I finally received my copy of the St. Gregory’s Prayer Book and I am delighted with it. I am also pleased about the contribution the Anglicanorum Coetibus Society (ACS) made to its publication. The pictures were taken by Shane Schaetzel when he received his copy.
Shane represented the ACS on the committee that developed the Prayer Book for publication.
Shane, a former director of the Society, explains, in an email interview how he became involved in the project.
I was approached by ACS board member, Joe Blake, about possibly joining the board of the ACS to introduce some fresh ideas for a new direction for the ACS. Upon being elected to the board, I introduced a few ideas that I thought would give the ACS a new sense of direction and purpose in this post-Ordinariate environment. My major concern was for Ordinariate members in remote locations, and for small startup prayer groups, to have a greater sense of connectivity with the wider Ordinariate family. One of these ideas was the publication of a common devotional guide — or prayer book. The board eventually saw the potential for such a book, and placed me in charge of an exploratory committee to research its feasibility. This is how our efforts made contact with the Houston efforts for a similar project. Eventually, the two were combined to create a book that would give a fair cross-section of Patrimony prayers in all three Ordinariates. The editorial board consisted of a chief editor, who is an American liturgist, an Ordinariate priest from the UK, another from Australia, and myself as a representative for the ACS. The editorial process took a little less than a year and most of it was done by email.
The chief editor was Dr. Clinton Brand, and the long-awaited St. Gregory’s Prayer Book, has now been published by Ignatius Press.
Shane believes Anglican Patrimony is a key ingredient to the revival of Catholicism in North America.

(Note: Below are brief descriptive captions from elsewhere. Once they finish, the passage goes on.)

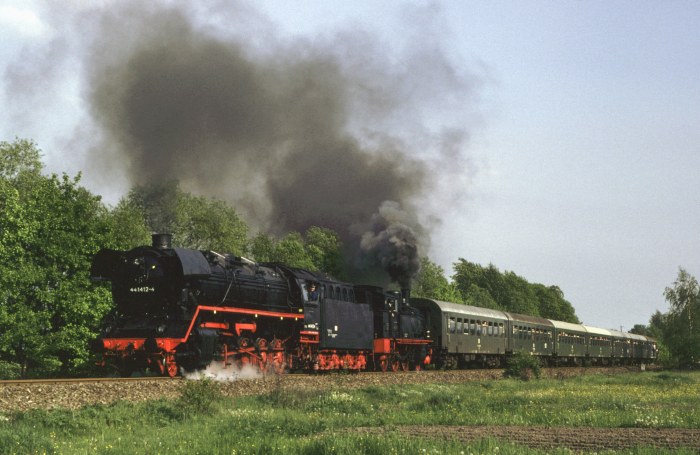 44 1412 + 74 1230 Tv vor Sonderzug bei Weißwasser, am 14.05.1983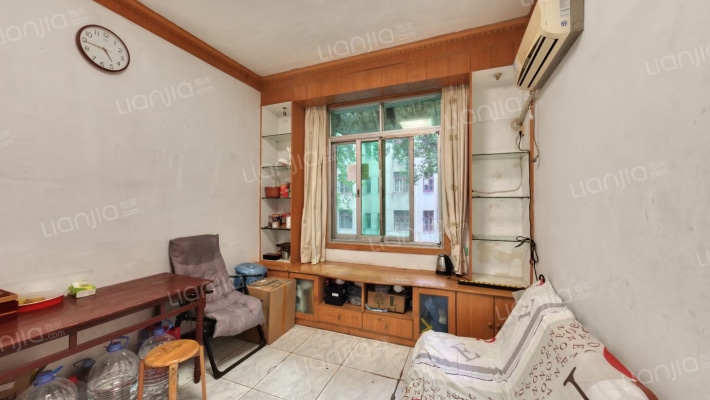 梅岭村二手房实景图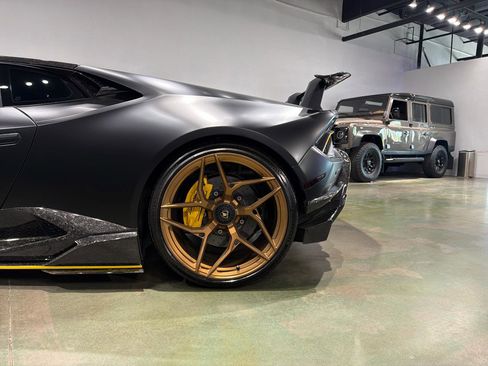 Used 2018 Lamborghini Huracan AWD/4WD image 5
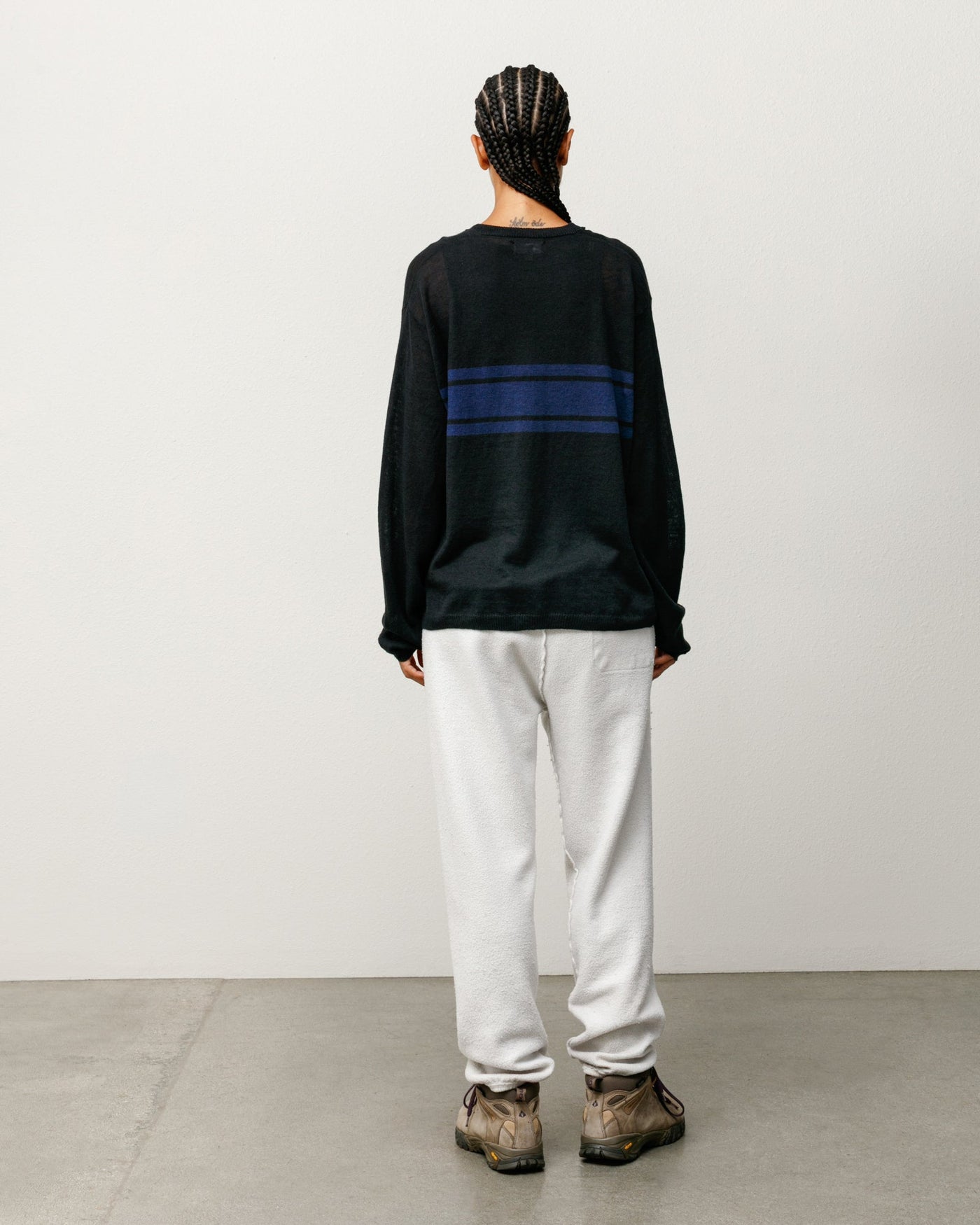 LIGHTWEIGHT STRIPED SWEATER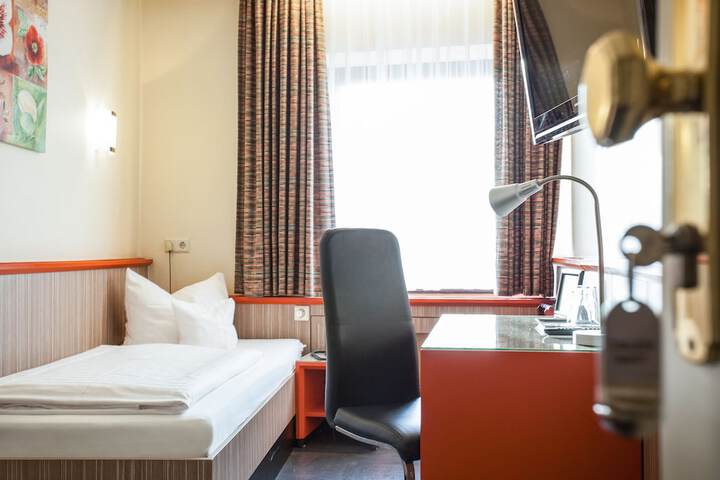 Room 4 of 57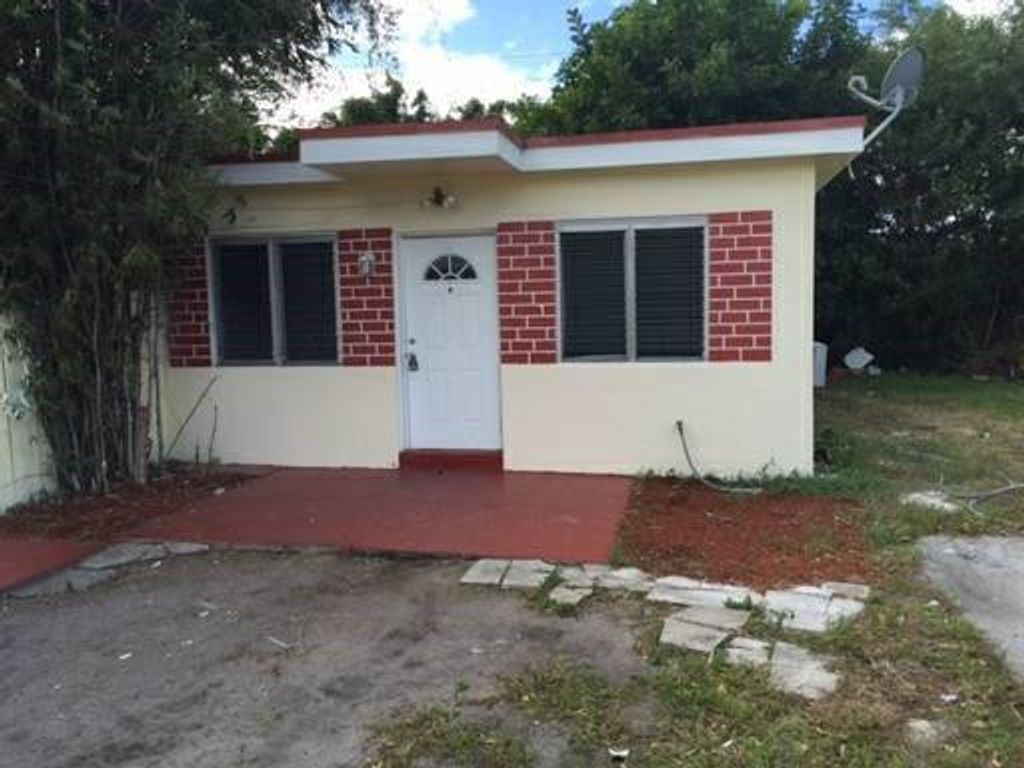 Photo of 5919 Arthur Street, Hollywood, FL 33021 (MLS # F10549465)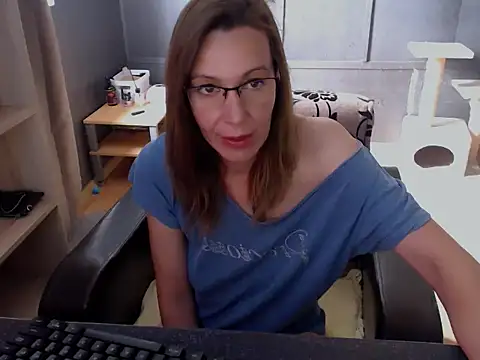 Snapshot of hannaha chatting on 17, 5, 2026 hannaha online show from 17, 5, 2026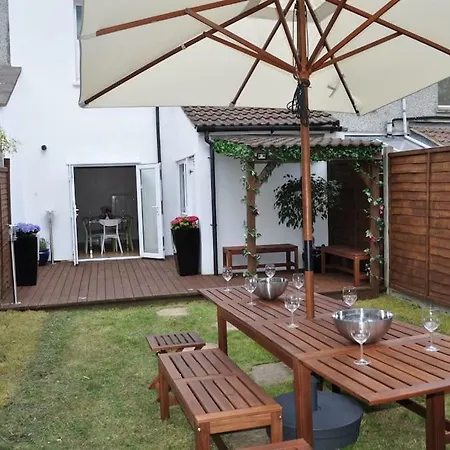 Fantastic Spacious House With Garden Bristol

I don’t see how it’s possible without it. You see, the English-speaking (or Anglophone) people have always had a deep linguistic and cultural connection to their English heritage, whether they realize it or not. The persistent popularity of the King James Bible, even among Baptists and Pentecostal groups in the 21st century, is a perfect example of this. Many of their hymns remain in King James English as well. The same is true with Anglophone Catholics. You’ll notice that prior to the promulgation of the 1970 Missal of Pope Paul VI, many of our 1962 Missals were translated from Latin into Sacred English (thee, thou, thy, etc), side by side on opposite pages or columns. Anglophone Catholics, prior to 1970, were steeped in the Anglican Patrimony at least in a linguistic sense. Likewise, many of the prayers we Anglophone Catholics hold dear, often remain in their Sacred English form, such as the “Our Father” and the “Hail Mary” for example. Attempts to translate these into Common English (or “modern English”) never stuck. Even the Paul VI Missal recognizes this in the English translation, by very wisely keeping the “Our Father” prayer in the Sacred English form, rather than translating it into the common vernacular. This was a nod of the English translators toward a residual Anglican Patrimony left over in our culture. Anglophone people have always desired connectivity with England’s past, especially in their spiritual life, and it doesn’t seem to matter if they’re Catholic or Protestant. It is, in fact, who we are as a culture, and all attempts to change it (modernize it) have failed. Granted, Sacred English is not the sum of Anglican Patrimony, but it is an integral part. On a personal level, I’m trying to help all Anglophone Christians (both Catholic and Protestant) understand this, and that’s a tall order that requires several operations that bleed over from liturgy into evangelism.